The number one thing I'm looking forward to is React Native support. Having local data that syncs is essential for many mobile apps, but there are no easy solutions yet. (Besides iCloud, which is limited to iOS/macOS)

With Jazz, I can see a future where building syncing, cross-platform apps becomes effortless.

theanzelm 280 days ago
Thanks, Timo! Couldn't ask for better early adopters than you guys
Doorknob8479 280 days ago
Really interesting. Looking over their github, seems that at its core is a CRDT JSON structure with encryption and permissions built in. Storage, transport and auth are agnostic, but they offer some flavors (sqlite, websockets, clerk, react, nodejs). We're interested in svelte and rust support for now. Looks like the local-first space is gaining traction. Probably this is the most interesting execution so far.
theanzelm 280 days ago
Thanks for sharing your overview and for the kind words.

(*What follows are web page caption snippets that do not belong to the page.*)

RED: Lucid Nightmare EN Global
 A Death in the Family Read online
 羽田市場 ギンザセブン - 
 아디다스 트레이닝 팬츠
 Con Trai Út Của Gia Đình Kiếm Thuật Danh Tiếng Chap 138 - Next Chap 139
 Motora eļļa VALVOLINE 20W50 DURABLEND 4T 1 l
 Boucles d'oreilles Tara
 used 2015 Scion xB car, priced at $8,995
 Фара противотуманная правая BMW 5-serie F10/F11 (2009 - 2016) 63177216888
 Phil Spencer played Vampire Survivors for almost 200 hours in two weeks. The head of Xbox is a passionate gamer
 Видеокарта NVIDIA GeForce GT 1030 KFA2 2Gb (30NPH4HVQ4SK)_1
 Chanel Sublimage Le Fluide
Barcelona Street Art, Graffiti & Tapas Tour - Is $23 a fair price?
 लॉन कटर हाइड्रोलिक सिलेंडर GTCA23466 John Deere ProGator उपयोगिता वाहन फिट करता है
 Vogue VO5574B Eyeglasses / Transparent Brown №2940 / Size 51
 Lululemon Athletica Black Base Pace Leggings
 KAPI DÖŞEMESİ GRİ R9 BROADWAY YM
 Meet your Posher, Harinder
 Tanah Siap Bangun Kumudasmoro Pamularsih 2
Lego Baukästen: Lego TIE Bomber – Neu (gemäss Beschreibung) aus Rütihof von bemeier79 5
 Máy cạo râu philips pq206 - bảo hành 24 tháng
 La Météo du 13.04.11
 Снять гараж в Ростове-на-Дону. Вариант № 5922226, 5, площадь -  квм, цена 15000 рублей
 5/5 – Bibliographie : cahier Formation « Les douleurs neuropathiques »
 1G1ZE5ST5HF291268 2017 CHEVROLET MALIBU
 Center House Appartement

I recently hired someone who is a big svelte fan so we’ll have bindings for that soon. Rust is coming a bit later.

MrGreenTea 280 days ago
This looks very like a promising addition to the local-first space. Thanks for your work!

Are there plans for supporting dart/Flutter as well in the future?

theanzelm 280 days ago
We want to support as many environments as possible and are doing them in order of easiest & most requested - you are the first one to ask about Dart/Flutter

React Native is released (experimental)

After that will be really good support for Next.JS (Jazz for both SSR and client)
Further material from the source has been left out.